Online structural dynamic analysis of turbomachinery blades is conventionally done using contact techniques such as strain gauges for the collection of data. To transfer the captured data from the sensor to the data logging system, installation of telemetry systems is required. This is usually complicated, time consuming and may introduce electrical noise into the data. In addition, contact techniques are intrusive by definition and can introduce significant local mass loading. This affects the integrity of the captured measurements.
Advances in technology now allow for the use of optical non-contact methods to analyse the dynamics of rotating structures. These include photogrammetry and tracking laser Doppler vibrometry (TLDV). Various investigations to establish the integrity of photogrammetry measurements for rotating structures involved a comparison to data captured using accelerometers. Discrepancies that were noticed were attributed to the intrusive nature of the contact measurement technique. As an extended investigation, the presented work focuses on the validation of photogrammetry applied to online turbomachinery blade measurements, using TLDV measurements.

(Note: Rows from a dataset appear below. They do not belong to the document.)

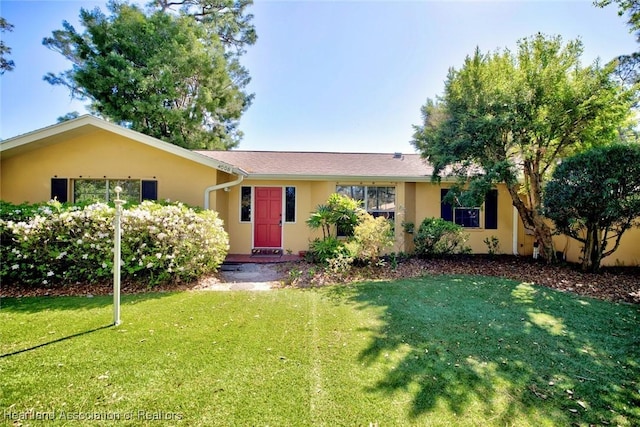 single story home featuring stucco siding and a front lawn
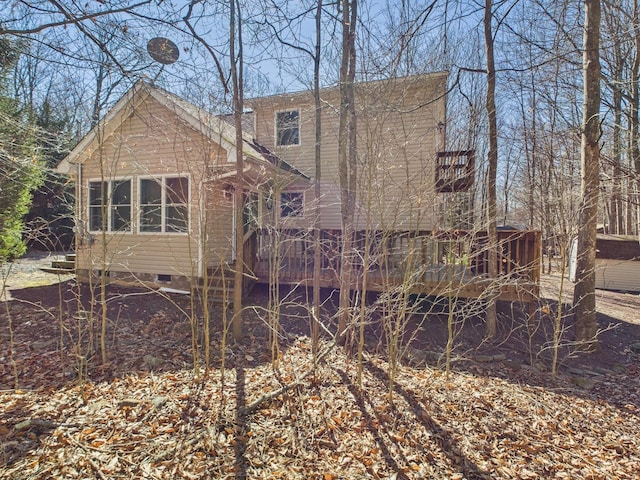 back of house featuring crawl space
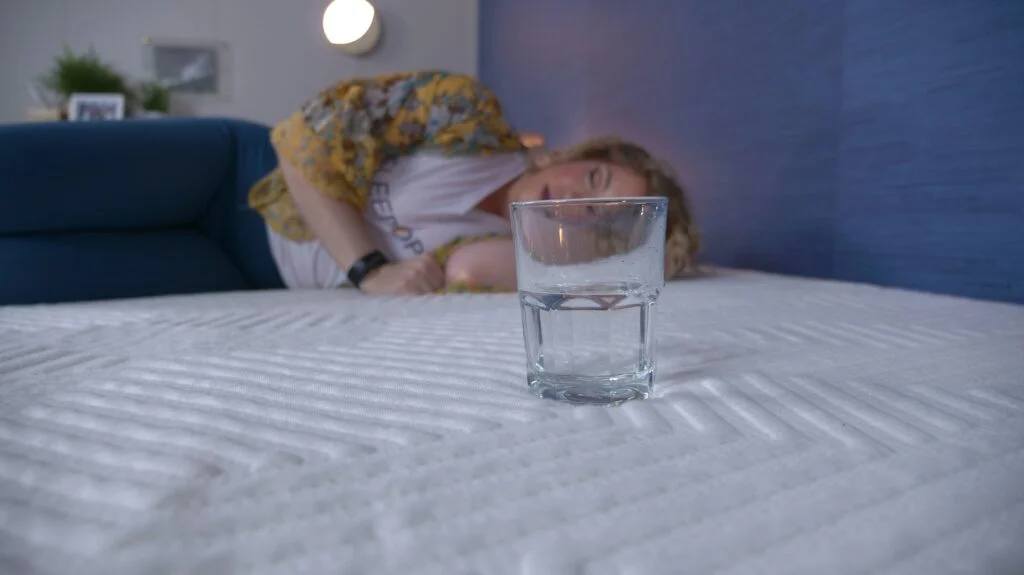 Nichole performing the water test on the Lucid Hybrid mattress.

Through a frequency based characterization approach of the dynamics of the two scanning mirrors inside the scanning head of a scanning laser Doppler vibrometer (SLDV), TLDV is employed in developing a system that can be used to achieve a perfect circular scan with a Polytec SLDV, (PSV 300). Photogrammetry out-of-plane displacements of a laser dot focused on a specific point on a rotating blade are compared to displacements captured by the laser scanning system. It is shown that there is good correlation between the two measurement techniques when applied to rotating structures, both in the time and frequency domains. The presence of slight discrepancies between the two techniques after elimination of accelerometer based errors illustrated that the optical system noise floor of photogrammetry does contribute to inconsistences between photogrammetry and other measurement techniques.